心に留める―2022年6月23日の日記

 「ふれあいにいたら、おとなになれないんだよ」と息子が言った。「ふれあい」とは、息子が所属している支援クラスの名前である。私が「2年生もふれあいがいい?」と聞いたのだ。息子の言葉は、時折私の胸を衝く。少し前にも、交流学級の自分以外の生徒たちのことを「27にんのひとたち」と呼んで、私を驚かせた(交流学級は息子を入れて28人のクラスである)。息子に関しては何かと心配性の私は、そのときも今回も心配になる気持ちを抑えつつ、息子の言葉をただ心に留めた。ふれあいにいたら、おとなになれない。誰かがそう言ったのだろうか。それとも息子なりに感じていることを言葉にしたら、そういう表現になったのだろうか。それ以上の質問に、息子は答えなかった。息子は毎日楽しく学校へ通っているように私には見えるし、クラスのお友だちの名前もよく話に出てくる。だからきっと心配は要らないのだろう。ただ、心に留めておこう。

 今朝は5時にすっきりと目覚めたけれど、なぜか無性に苛立って泣きたくなった。
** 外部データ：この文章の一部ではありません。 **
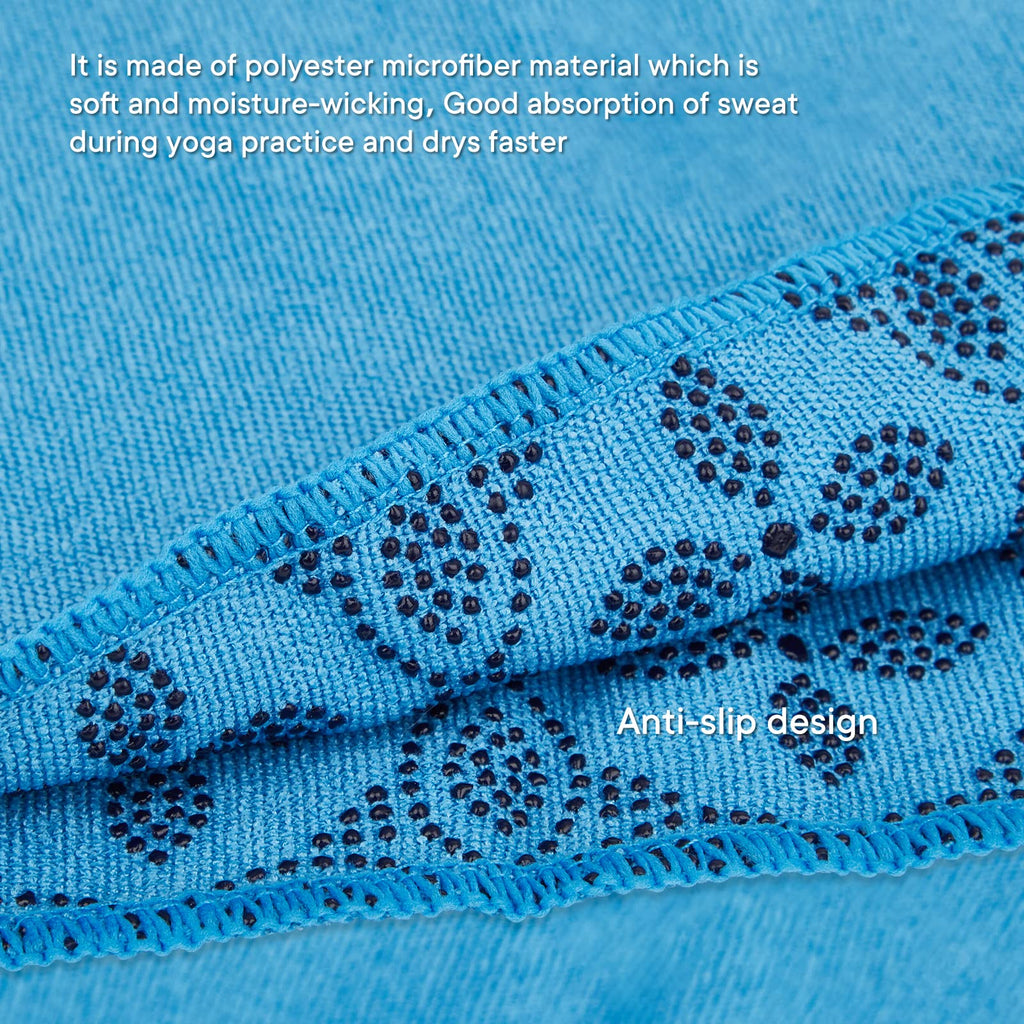Yoga Towels, Non Slip Hot Yoga Mat Towel with Grip Dots,Super-Absorbent Soft Microfiber Yoga Blanket for Pilates, Fitness and Workout 72inch x 24inch (Blue)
苛立つ気持ちを抱えたままトイレ掃除をし、家じゅうに掃除機をかけて、布団と洗濯物を干す。東側に位置するベランダには、すでに高く昇った太陽から熱い日差しが痛いほど降り注いでいた。息子を学校へと送り出し、仕事をする前にひと眠りした。睡眠は偉大だ。目覚めたら、苛立ちはだいぶ静まっていた。

 それにしても暑い。扇風機から送られてくる風が生ぬるくてやりきれない。今季初のエアコンをつける。延岡は今日、36.1度を記録し、全国ニュースになった。「暑いですね」。どこへ行っても、その言葉で会話がはじまる。夕方に行った美容室でもそうだった。傷んだ毛先をカットしてもらい、根元がすっかり黒くなった髪全体を染めてもらう。「夏はベージュ系の色がいいですよ」と担当の美容師さんが教えてくれた。光に当たると、透け感だか抜け感だかがあって、とにかくいいらしい。こまめに美容室へ来ない私のために、根元を暗めに、毛先を明るめにとグラデーションにしてくれた。鏡台の側に飾ってあったピンクのアナベルと、薄い緑と紫のオレガノの花が可愛かった。私は何度もそちらに目をやっては、じっと見つめていた。

 新しいライティング仕事が動き出した。うれしい。来月になったら「moe's cook」のzineも作りたい。日々のささやかな喜びを、ひとつひとつ確かめて生きたい。